You can decide for yourself whether you think the answer should depend on M and N, but I suspect most people will decide that based on whether they are halfers (“it can’t depend on M and N!”) or thirders (“it must depend on M and N!”), rather than what makes mathematical sense. (I’m not saying they will ignore mathematical, I’m saying they will define it by getting the answer they prefer.)

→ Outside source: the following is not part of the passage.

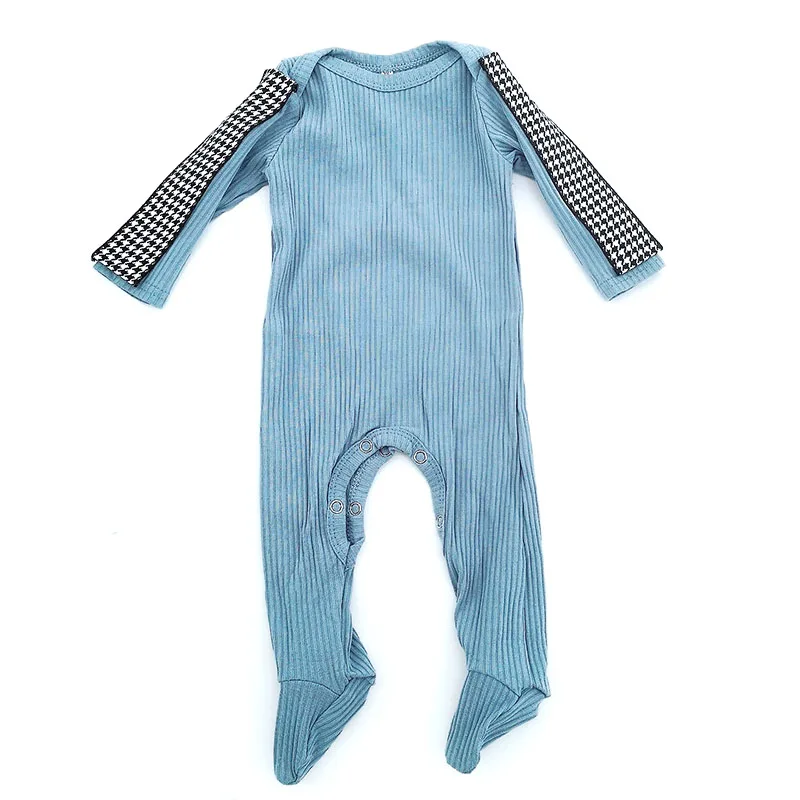 Baby Boy Girl Soft Cotton Houndstooth Ribbon bodysuit baby Fall Clothes Casual Long Sleeves Ribbed Outfits Kids Rompers Pajamas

But as long as we are accepting the possibility of infinite wakings, what happens if we hold N constant and let M approach infinity? Halfers will still say the answers don’t change, thirders will say P(odd)=N/(M+N) and P(even)=M/(M+N).

But is it, or is it not, the same if we hold M constant, at a very large number, and let N approach 0? Because at N=0, P(odd)=0, which it can’t be if the halfers are right.

comment by Andreas_Giger · 2013-10-01T20:40:52.081Z · LW(p) · GW(p)

(1/2 3^0 + 1/8 3^2 + ...) / (1/2 3^0 + 1/4 3^1 + 1/8 * 3^2 + ...)

... which can be transformed into an infinite series with a Cesàro sum of 0.5, so that's my answer.

Replies from: Scott Garrabrant

↑ comment by Scott Garrabrant · 2013-10-01T20:51:17.365Z · LW(p) · GW(p)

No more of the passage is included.